### [Assignment]
Word for word, restate all of the records.

### [Data in this exercise]

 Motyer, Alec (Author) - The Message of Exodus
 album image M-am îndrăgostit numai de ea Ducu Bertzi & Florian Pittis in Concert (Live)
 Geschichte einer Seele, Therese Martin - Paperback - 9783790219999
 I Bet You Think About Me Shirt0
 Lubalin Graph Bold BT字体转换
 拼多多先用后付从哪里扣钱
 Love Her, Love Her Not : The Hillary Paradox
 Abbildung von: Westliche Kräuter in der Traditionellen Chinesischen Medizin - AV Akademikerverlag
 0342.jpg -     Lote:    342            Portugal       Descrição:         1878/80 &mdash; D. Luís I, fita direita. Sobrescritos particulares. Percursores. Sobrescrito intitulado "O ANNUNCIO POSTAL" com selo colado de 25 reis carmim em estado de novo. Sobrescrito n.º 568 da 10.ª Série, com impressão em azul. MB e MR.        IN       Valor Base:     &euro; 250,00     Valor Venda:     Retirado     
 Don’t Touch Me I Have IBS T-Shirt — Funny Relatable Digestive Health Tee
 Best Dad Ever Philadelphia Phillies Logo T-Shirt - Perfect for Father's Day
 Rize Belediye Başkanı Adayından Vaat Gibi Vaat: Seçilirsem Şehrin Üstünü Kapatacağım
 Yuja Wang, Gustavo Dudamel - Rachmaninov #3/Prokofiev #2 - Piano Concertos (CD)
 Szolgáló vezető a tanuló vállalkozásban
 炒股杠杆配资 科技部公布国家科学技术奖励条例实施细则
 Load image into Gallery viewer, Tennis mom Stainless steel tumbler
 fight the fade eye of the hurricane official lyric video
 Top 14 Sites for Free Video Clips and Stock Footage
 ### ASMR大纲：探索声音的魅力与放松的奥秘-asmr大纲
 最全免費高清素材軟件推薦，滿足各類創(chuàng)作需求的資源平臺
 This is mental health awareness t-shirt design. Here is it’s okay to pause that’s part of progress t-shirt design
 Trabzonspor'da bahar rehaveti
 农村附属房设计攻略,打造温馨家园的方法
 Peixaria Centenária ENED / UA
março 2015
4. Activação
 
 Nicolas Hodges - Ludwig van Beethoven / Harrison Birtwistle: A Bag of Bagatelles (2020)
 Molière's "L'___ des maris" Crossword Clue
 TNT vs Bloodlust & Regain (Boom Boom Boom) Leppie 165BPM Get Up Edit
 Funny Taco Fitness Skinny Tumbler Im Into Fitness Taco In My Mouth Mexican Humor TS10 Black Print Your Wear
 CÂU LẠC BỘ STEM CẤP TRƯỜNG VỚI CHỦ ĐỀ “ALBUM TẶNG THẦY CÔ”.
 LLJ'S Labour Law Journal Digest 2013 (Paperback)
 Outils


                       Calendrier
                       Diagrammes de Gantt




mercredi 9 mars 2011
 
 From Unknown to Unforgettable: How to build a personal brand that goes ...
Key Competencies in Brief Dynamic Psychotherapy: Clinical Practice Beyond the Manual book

### [Reply]
 Motyer, Alec (Author) - The Message of Exodus
 album image M-am îndrăgostit numai de ea Ducu Bertzi & Florian Pittis in Concert (Live)
 Geschichte einer Seele, Therese Martin - Paperback - 9783790219999
 I Bet You Think About Me Shirt0
 Lubalin Graph Bold BT字体转换
 拼多多先用后付从哪里扣钱
 Love Her, Love Her Not : The Hillary Paradox
 Abbildung von: Westliche Kräuter in der Traditionellen Chinesischen Medizin - AV Akademikerverlag
 0342.jpg -     Lote:    342            Portugal       Descrição:         1878/80 &mdash; D. Luís I, fita direita. Sobrescritos particulares. Percursores. Sobrescrito intitulado "O ANNUNCIO POSTAL" com selo colado de 25 reis carmim em estado de novo. Sobrescrito n.º 568 da 10.ª Série, com impressão em azul. MB e MR.        IN       Valor Base:     &euro; 250,00     Valor Venda:     Retirado     
 Don’t Touch Me I Have IBS T-Shirt — Funny Relatable Digestive Health Tee
 Best Dad Ever Philadelphia Phillies Logo T-Shirt - Perfect for Father's Day
 Rize Belediye Başkanı Adayından Vaat Gibi Vaat: Seçilirsem Şehrin Üstünü Kapatacağım
 Yuja Wang, Gustavo Dudamel - Rachmaninov #3/Prokofiev #2 - Piano Concertos (CD)
 Szolgáló vezető a tanuló vállalkozásban
 炒股杠杆配资 科技部公布国家科学技术奖励条例实施细则
 Load image into Gallery viewer, Tennis mom Stainless steel tumbler
 fight the fade eye of the hurricane official lyric video
 Top 14 Sites for Free Video Clips and Stock Footage
 ### ASMR大纲：探索声音的魅力与放松的奥秘-asmr大纲
 最全免費高清素材軟件推薦，滿足各類創(chuàng)作需求的資源平臺
 This is mental health awareness t-shirt design. Here is it’s okay to pause that’s part of progress t-shirt design
 Trabzonspor'da bahar rehaveti
 农村附属房设计攻略,打造温馨家园的方法
 Peixaria Centenária ENED / UA
março 2015
4. Activação
 
 Nicolas Hodges - Ludwig van Beethoven / Harrison Birtwistle: A Bag of Bagatelles (2020)
 Molière's "L'___ des maris" Crossword Clue
 TNT vs Bloodlust & Regain (Boom Boom Boom) Leppie 165BPM Get Up Edit
 Funny Taco Fitness Skinny Tumbler Im Into Fitness Taco In My Mouth Mexican Humor TS10 Black Print Your Wear
 CÂU LẠC BỘ STEM CẤP TRƯỜNG VỚI CHỦ ĐỀ “ALBUM TẶNG THẦY CÔ”.
 LLJ'S Labour Law Journal Digest 2013 (Paperback)
 Outils


                       Calendrier
                       Diagrammes de Gantt




mercredi 9 mars 2011
 
 From Unknown to Unforgettable: How to build a personal brand that goes ...
Key Competencies in Brief Dynamic Psychotherapy: Clinical Practice Beyond the Manual book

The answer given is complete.